C2: And regardless of how this round turns out, there will be interventions. The whole “greeted as liberators” perfume that was doused on the Iraq invasion by a Republican administration was recycled from a certain Bay of Pigs fiasco that was ordered under the administration of Democrats. The government’s gallantly botching the use of power, both hard and soft, on the international stage is a bipartisan activity that’s been going on for almost certainly longer than anybody here has been alive. And it’s certainly going to continue because the one quality that tens of millions of Americans can agree that any presidential candidate must possess is strength of will, demonstrated by absolute decisiveness, which is just veneer for self-justification that allows them to give orders based on their best intentions. So the thing you have to bear in mind while my opponent is speaking is that while they’re going to be talking about how great it would be if we could respect other nations or the UN or whatever, America — the America that hasn’t closed Gitmo, the America that has expanded drone attacks to include killing American citizens without trial or even charge — is also the America that re-elected President Obama despite not closing Gitmo and secretly expanding the drone war, which should totally be unsurprising because it’s the same America that re-elected President Bush despite a lack of international support for the invasion of Iraq. Saying “that’s not justified” doesn’t make it stop, it just stops dialog because the person in power knows that we don’t respect their best intentions.

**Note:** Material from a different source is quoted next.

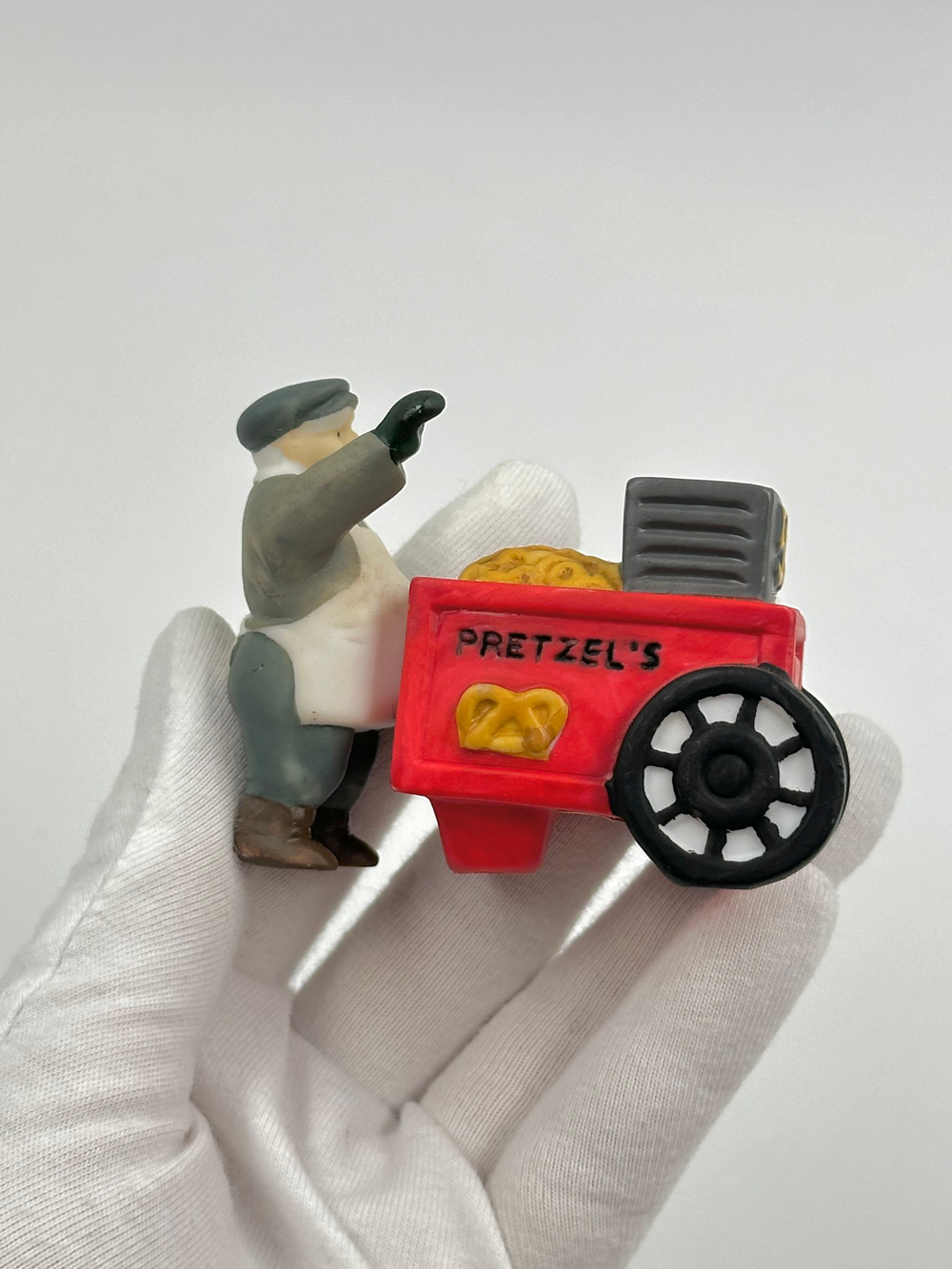 Фигурка Продавец претцелей Department 56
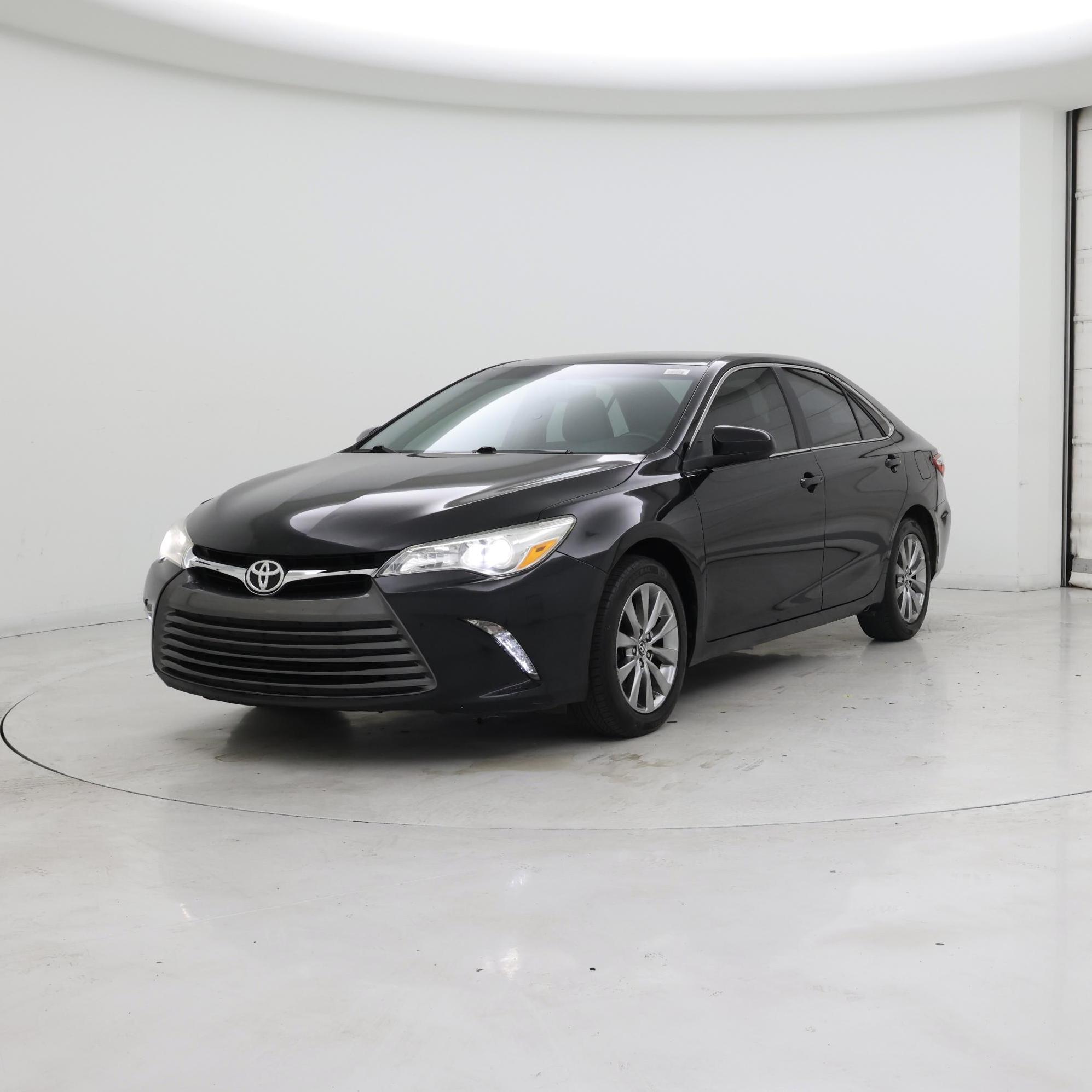 Thumbnail: 2017 Toyota Camry - 4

C3: So let me be clear on this point: my opponent is probably going to be correct in almost everything they claim in their case. The problem is that they’re not going to be stopping these interventions, and indeed will make mitigating the negative effects which are totally obvious to them even harder: As Tavris and Aronson observe in Mistakes Were Made (But Not By Me)
“Self-justification not only minimizes our mistakes and bad decisions; it is also the reason that everyone can see a hypocrite in action except the hypocrite. It allows us to create a distinction between our moral lapses and someone else’s, and to blur the discrepancy between our actions and our moral convictions. … A president who justifies his actions only to the public might be induced to change them. A president who has justified his actions to himself, believing that he has the truth, becomes impervious to self-correction.”
So, in affirming the resolution, we can work through a criterion of human rights while valuing the best intentions of our government, but only if we accept their belief that the action was justified. The negative dialog would be “that invasion wasn’t justified, get our troops out, and — by the by — you’re also a horrible person” and we’ll find that we’re still staying the course or even surging in Iraq or Afghanistan or wherever. But the affirmative dialog would be “okay, so we’re trying to give them democracy and protect human lives, and those are noble goals: so let’s work harder to minimize civilian casualties, and maybe back off and let them form their own government instead of supporting some local elites to mimic our own?” And in order to have that dialog, in order to mitigate all of the negative side effects that my opponent will tell us about, we have to be willing to believe that our elected officials really do have the best intentions.
[Note: a clever negative may attempt to advocate Open Revolt to put an end to unjustified government action. At this point, the negative becomes and enemy of the state and may be subject to targeted killing by a drone, which would be perfectly justified — claims the government in power — to protect the domestic tranquility of the nation, while also making it impossible to vote for the negative position in the long-term such that the debate cannot be permanently resolved in the negative. We do live in troubled times.]